Reverse Mortgages and Your Taxes
December 2, 2008 · Print This Article
Being a senior in retirement, one of your major concerns is probably how much you will be paying in taxes each year, since it can really affect your cash flow. You likely think about it when determining how much of your RRSPs to withdraw, since upon withdrawal the funds are no longer tax sheltered.
The beautiful thing about the Canadian Home Income Plan (CHIP) reverse mortgage is that the proceeds you receive from the loan (also known as your home equity) are not considered income – even if it’s invested in an account or annuity with monthly withdrawals. This is because the home equity you are accessing has already been taxed, since you purchased your home with after-tax dollars.
So you already know that you don’t pay taxes on your Canadian reverse mortgage money, but you also remain at the same tax rate since the reverse mortgage loan proceeds don’t push you into the next tax bracket.

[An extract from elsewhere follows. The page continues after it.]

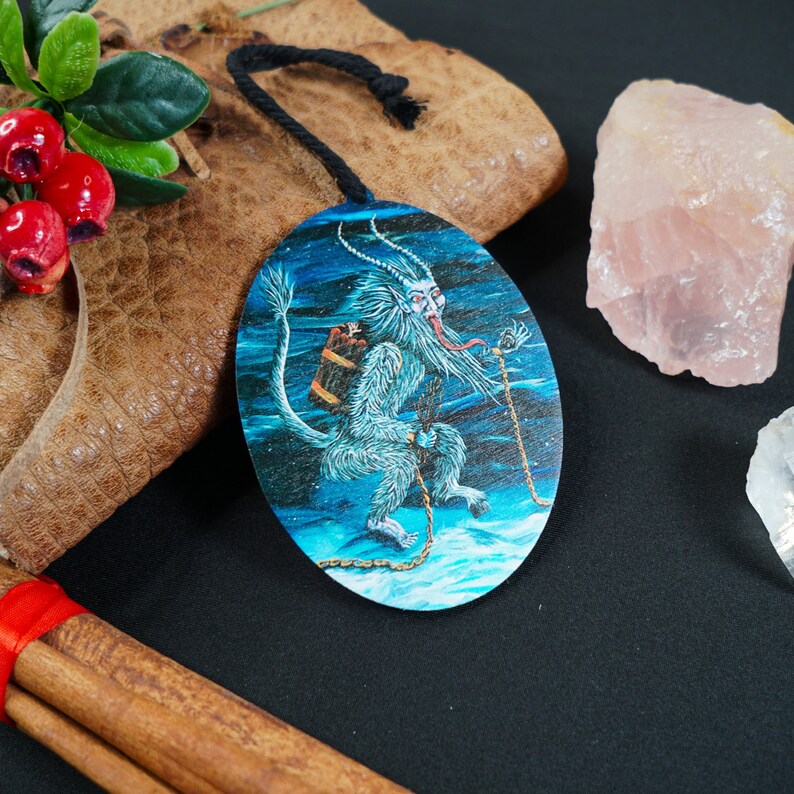 Op de afbeelding: Een ronde houten ornament met een blauwe achtergrond en een wit, harig wezen met een lange tong en een vat op zijn rug. Het wezen is vastgeketend en lijkt door een besneeuwd landschap te rennen.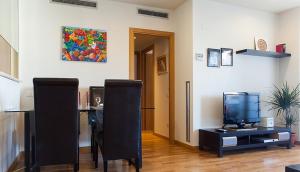 TV a/nebo společenská místnost v ubytování Apartment familiar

Additionally, your Old Age Security (OAS) or Guaranteed Income Supplement (GIS) incomes aren’t affected since, once again, the CHIP loan funds are not income.
What CHIP does do for you, however, is increase your cash flow or allow you to withdraw your equity to use for home renovations, travel, debt repayment or just something fun. Basically, you always end up in a better situation with better cash flow than you would have had if you had not gotten a CHIP reverse mortgage.